The radiology department at ZGT in the Netherlands (https://www.zgt.nl) recently migrated all of the PACS data from their current PACS to a new PACS. Previously the department had utilised Pukka-j’s DICOM products to migrate their data from their previous PACS so when the time came to move their data again, they came to Pukka-j to find the fastest way to move it. With the new Nexus software, the department was able to take greater control over their own migration process with the help of some input from the experts at Pukka-j. This article describes the process followed to successfully move to another PACS provider.
The first stage, as with all migrations was to analyse the current situation. The data was compressed as JPEG2000, with ~30Tb spread across 11 network storage locations. As with many PACSs, the DICOM information in the header was out of sync with the information in the database, in this case a SQL server cluster which the department had access to.
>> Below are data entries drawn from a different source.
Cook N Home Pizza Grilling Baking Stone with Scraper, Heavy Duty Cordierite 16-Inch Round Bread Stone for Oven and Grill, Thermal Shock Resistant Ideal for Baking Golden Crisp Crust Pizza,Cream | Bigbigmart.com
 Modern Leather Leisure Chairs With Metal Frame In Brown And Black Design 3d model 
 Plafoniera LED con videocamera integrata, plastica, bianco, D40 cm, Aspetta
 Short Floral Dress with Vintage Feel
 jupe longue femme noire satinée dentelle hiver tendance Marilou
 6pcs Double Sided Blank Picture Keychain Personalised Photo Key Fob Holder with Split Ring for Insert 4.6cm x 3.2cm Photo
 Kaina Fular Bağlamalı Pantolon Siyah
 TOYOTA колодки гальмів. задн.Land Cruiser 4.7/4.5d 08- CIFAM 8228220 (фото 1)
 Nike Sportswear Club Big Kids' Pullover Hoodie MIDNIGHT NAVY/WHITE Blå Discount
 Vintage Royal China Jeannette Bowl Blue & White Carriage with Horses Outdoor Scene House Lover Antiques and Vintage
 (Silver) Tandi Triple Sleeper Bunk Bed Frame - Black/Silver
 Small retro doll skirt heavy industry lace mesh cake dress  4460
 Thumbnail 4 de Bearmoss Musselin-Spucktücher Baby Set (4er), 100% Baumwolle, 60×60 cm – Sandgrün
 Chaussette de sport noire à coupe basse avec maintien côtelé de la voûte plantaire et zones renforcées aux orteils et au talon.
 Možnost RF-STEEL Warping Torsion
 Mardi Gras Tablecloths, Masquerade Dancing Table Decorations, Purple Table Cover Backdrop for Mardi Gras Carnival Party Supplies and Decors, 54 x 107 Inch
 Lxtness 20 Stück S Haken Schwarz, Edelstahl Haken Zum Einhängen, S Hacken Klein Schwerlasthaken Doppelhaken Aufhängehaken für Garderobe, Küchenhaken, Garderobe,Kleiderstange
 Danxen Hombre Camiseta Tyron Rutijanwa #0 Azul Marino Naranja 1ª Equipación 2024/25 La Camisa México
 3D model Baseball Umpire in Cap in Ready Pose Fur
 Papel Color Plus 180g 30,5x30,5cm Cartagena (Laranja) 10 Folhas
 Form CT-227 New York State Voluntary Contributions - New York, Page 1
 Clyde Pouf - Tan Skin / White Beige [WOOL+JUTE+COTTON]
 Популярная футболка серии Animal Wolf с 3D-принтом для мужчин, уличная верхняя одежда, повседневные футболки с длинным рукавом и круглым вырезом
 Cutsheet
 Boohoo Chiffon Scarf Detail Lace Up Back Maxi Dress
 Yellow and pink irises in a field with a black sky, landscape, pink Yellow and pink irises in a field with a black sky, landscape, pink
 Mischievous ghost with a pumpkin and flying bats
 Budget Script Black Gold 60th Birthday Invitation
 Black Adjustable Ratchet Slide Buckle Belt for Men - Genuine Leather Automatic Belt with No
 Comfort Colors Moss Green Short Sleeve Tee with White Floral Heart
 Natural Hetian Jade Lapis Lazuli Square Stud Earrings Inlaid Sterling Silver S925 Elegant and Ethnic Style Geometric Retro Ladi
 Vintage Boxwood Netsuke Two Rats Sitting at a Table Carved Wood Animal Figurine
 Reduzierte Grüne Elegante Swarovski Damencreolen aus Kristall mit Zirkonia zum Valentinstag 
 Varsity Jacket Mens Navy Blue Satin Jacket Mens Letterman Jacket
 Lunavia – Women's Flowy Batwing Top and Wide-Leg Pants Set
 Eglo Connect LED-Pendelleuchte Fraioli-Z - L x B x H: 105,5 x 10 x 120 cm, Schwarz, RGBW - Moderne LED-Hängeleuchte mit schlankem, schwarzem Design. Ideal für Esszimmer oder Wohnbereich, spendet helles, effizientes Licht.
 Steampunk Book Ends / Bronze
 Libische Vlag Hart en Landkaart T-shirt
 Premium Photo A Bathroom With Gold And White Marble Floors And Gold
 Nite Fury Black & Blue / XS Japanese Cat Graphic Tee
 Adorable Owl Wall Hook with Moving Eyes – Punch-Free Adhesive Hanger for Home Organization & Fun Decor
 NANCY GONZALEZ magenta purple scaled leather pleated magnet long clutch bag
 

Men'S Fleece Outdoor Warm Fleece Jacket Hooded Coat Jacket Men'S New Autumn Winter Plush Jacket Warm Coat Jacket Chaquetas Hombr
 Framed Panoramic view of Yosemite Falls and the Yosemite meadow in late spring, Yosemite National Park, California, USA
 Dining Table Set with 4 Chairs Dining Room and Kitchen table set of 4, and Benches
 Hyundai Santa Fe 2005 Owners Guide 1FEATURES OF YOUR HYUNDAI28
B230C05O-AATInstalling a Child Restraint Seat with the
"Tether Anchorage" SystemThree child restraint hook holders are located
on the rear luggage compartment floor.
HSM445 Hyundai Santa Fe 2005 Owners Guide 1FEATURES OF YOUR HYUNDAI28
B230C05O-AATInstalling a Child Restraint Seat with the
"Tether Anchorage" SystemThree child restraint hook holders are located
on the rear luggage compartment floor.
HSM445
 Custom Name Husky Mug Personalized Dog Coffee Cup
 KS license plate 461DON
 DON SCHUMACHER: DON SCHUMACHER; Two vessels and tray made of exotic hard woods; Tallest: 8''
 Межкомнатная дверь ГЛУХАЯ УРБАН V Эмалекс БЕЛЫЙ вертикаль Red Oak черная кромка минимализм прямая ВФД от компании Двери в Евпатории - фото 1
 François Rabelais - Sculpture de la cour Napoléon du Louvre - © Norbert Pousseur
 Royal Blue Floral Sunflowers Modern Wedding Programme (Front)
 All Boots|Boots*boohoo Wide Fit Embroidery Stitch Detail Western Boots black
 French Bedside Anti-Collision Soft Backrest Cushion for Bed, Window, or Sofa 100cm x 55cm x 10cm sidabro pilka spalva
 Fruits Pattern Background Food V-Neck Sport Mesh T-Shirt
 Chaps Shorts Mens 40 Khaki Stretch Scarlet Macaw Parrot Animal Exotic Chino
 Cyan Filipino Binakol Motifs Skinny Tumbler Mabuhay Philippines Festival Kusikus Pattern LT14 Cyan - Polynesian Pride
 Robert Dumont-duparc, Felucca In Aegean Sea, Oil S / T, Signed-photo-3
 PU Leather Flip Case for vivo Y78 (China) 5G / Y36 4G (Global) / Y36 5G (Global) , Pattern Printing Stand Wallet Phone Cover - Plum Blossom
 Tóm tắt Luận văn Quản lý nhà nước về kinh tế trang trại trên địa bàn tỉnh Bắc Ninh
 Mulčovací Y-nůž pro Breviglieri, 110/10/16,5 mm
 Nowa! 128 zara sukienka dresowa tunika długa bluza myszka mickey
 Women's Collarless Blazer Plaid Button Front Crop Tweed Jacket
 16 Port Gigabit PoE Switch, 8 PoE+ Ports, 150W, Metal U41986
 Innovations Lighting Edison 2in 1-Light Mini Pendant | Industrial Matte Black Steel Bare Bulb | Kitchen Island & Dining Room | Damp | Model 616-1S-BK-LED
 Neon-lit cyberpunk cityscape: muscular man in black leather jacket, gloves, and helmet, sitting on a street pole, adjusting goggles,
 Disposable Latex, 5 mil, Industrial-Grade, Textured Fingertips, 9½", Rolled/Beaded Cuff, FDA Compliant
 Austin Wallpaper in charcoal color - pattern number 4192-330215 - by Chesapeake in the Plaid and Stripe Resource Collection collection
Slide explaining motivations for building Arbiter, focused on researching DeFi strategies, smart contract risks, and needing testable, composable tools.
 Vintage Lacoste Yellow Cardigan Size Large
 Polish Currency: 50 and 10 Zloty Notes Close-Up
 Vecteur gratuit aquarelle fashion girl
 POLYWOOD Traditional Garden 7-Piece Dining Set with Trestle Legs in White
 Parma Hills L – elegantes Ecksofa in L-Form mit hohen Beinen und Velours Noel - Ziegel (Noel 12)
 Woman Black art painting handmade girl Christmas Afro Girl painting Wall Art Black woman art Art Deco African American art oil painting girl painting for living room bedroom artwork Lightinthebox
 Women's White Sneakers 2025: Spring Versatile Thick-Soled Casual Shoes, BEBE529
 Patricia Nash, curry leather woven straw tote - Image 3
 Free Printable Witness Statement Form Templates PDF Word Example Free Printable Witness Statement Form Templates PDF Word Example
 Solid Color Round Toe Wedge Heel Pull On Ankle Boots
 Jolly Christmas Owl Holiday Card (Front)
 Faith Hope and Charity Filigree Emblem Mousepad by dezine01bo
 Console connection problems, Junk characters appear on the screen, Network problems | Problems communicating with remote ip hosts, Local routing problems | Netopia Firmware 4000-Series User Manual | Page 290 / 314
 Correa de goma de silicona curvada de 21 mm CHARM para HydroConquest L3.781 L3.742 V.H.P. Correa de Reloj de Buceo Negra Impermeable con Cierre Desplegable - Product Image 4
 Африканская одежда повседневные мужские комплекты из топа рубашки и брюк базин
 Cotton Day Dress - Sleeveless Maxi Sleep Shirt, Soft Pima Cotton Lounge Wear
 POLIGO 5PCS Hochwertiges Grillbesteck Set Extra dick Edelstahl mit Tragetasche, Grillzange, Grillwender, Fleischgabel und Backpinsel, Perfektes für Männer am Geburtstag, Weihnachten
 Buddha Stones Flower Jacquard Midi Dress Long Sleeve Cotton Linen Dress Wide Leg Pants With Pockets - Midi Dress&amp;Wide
There were also references on disk that had been deleted from the database, or the references had been changed to point at different files after a study merge process, thus leaving “orphaned” files on the storage.
In order to maximise the speed at which the data could be transferred, it made sense to maintain the JPEG2000 compression as this was also supported by the destination PACS. This meant only 30Tb of data would be transferred over the network, as opposed to approximately 100Tb if it were decompressed. It was also decided that it would be optimal to read the files directly from the file system and use Nexus to reconcile the header information with that in the database, rather than relying on a query/retrieve via the PACS, that could have impacted on the service being delivered.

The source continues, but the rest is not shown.